Category Archives: philosophy

how markets “think” about politics

As I write, US stocks are plunging. I have no idea what will be happening by the time you read this post. However, stepping back from the moment, what does it mean that Wall Street indexes rose after Trump won the 2024 election but fell last week? Or that Ukrainian government bond prices rose from October 2024 until last week and then fell rapidly?

One view is that markets have wisdom–or at least predictive value–because they aggregate information from many people. Investors think critically and rigorously because their money is on the line. The recent trends make sense on their face and confirm that markets are rational.

A different view is that capitalism involves a class struggle, and capital markets rise when the upper classes expect their interests to prevail. This model has no trouble explaining why business leaders, including registered Democrats, would tell Steven Rattner that they like Trump. They were not predicting prosperity for all but expecting to profit for themselves.

I would endorse a third model. Friedrich Hayek had a genuine insight: individuals have limited cognitive capacity and diverse motives. Therefore, individuals cannot reliably assess whole societies, let alone predict the future of anything large-scale. However, says Hayek, within our own domains of experience and expertise, we can reasonably predict specific prices. After a tough spring, farmers will expect the price of wheat to rise.
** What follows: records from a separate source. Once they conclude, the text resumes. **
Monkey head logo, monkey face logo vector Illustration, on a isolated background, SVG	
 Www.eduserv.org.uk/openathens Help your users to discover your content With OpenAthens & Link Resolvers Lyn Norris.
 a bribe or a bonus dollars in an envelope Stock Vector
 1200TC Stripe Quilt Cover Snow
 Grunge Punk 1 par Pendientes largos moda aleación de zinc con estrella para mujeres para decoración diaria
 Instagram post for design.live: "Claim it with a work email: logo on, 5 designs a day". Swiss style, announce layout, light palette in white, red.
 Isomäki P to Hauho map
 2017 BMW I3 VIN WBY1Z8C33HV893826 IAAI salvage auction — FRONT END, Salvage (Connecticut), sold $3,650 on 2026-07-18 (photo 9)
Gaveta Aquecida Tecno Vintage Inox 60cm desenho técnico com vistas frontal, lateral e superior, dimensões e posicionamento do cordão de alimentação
Prices allow us to plan efficiently. Many people do not seek to maximize wealth but to accomplish something else, such as holding onto a valued job or retiring soon. Nevertheless, the result of all their private planning is a market that is–in certain respects–efficient.

However, markets also create opportunities to profit by correctly predicting the large-scale situation. In turn, such predictions require assessing the present. For example, to guess how the US economy will fare over the next four years, it’s necessary to evaluate Donald Trump as a leader. One can buy bonds and other securities partly on the basis of such predictions. In this way, an accurate evaluation of Trump could pay off financially.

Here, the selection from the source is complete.